Intel Corp. is scheduled to announce its second-quarter earnings after the market closes on Wednesday. Here’s what you need to know ahead of the chip maker’s results:
- EARNINGS FORECAST: Intel is expected to report per-share earnings of 50 cents, according to analysts polled by Thomson Reuters, compared with 55 cents a year earlier.

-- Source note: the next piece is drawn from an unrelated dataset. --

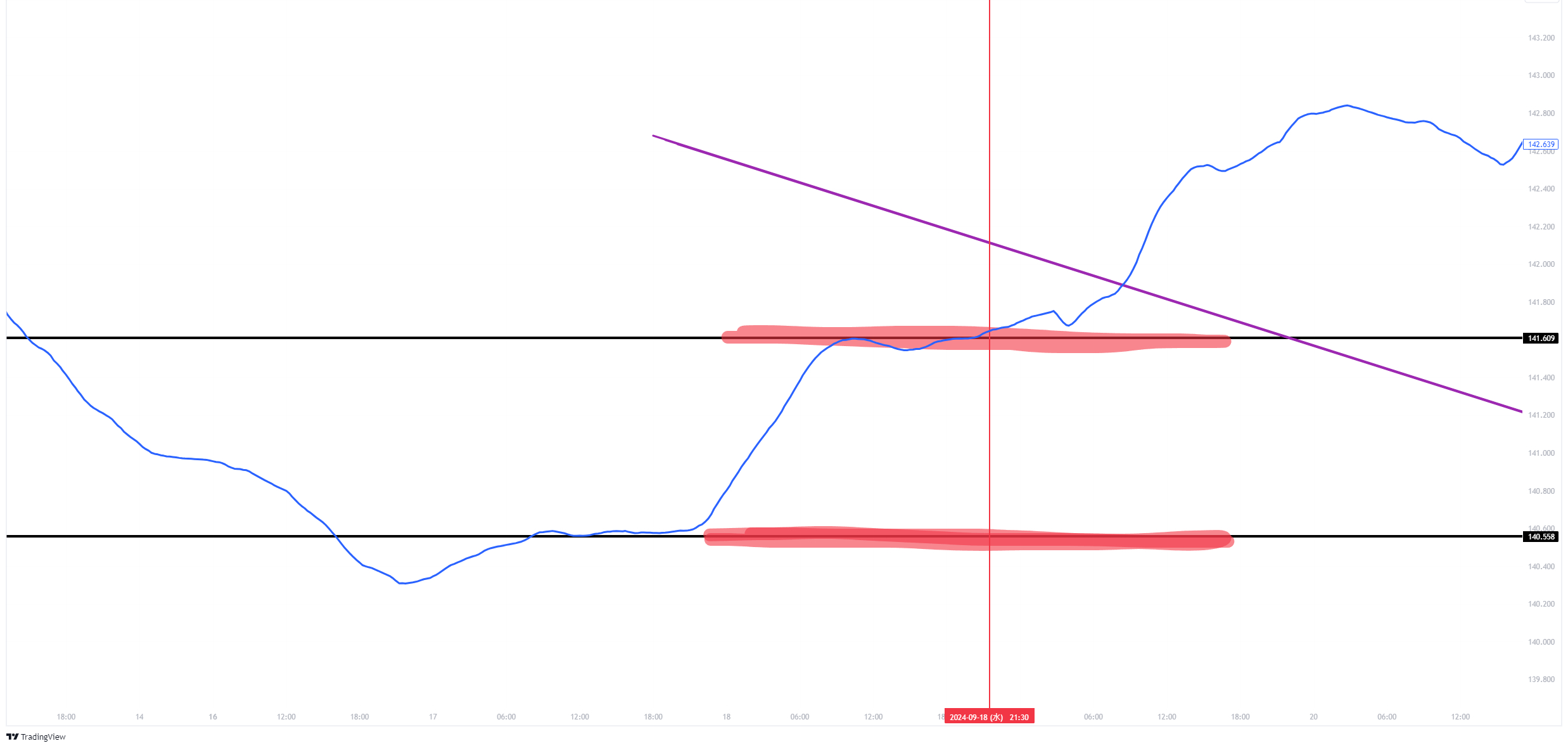 USDJPY_2024-10-05_19-17-25_11e3b.png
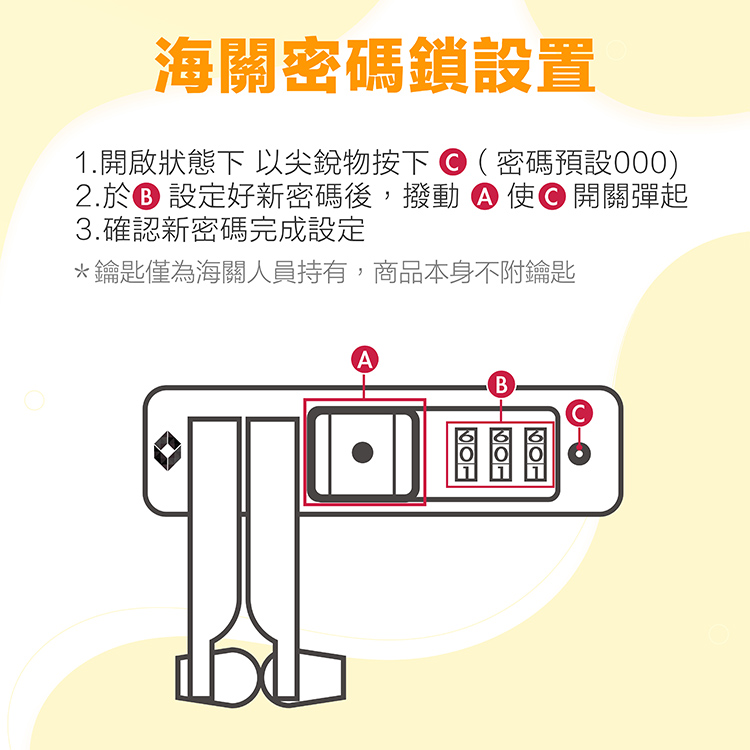 海關密碼鎖設置 1.開啟狀態下 以尖銳物按下密碼預設000 2.於6 設定好新密碼後,撥動使開關彈起 3.確認新密碼完成設定 鑰匙僅為海關人員持有,商品本身不附鑰匙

- REVENUE FORECAST: For the second quarter, the semiconductor giant had projected revenue of $13.2 billion, plus or minus $500 million. Analysts expect revenue of $13.04 billion, compared with $13.8 billion in the year-earlier period.
WHAT TO WATCH
- PC DEMAND: Santa Clara, Calif.-based Intel has been hurt in recent years as a shift to mobile devices such as smartphones and tablets has eroded demand for chips used in personal computers. Recent signs of a weakening PC market included the recent warning from rival chip maker Advanced Micro Devices Inc. that its second-quarter revenue fell more than anticipated. Signs also have been emerging of potential weakness in the data-center sector, including recent sales guidance cuts from QLogic Corp. and Seagate Technology PLC.
- OUTLOOK FOR YEAR: Investors also will be watching for Intel’s guidance for the third-quarter and whether its full-year outlook will change. Pacific Crest on Monday reiterated that discussions with the PC supply chain “indicate a sub-seasonal outlook” for third-quarter demand despite the looming releases of Windows 10 and Intel’s Skylake family of processors. Intel in April forecasted that its 2015 revenue would be flat with the $55.9 billion posted for 2014.
- INTERNAL CHANGES: Intel has been reorganizing its business and shaking up its management as Chief Executive Brian Krzanich pushes the chip maker to move more quickly. President Renee James said she would leave Intel at the end of the year as she seeks a CEO job elsewhere. In April, Intel also said it would reduce its spending in 2015 by $300 million, but didn’t publicly quantify the resulting job cuts.
- STRONG U.S. DOLLAR: Intel sells its chips to customers in U.S. dollars, but many PC makers that buy those chips sell their products in local currencies. The PC makers also may have to convert local currencies to buy components, a process that has grown more costly as the U.S. dollar’s value has risen. Such pricing pressures are seen weighing on Intel’s sales growth.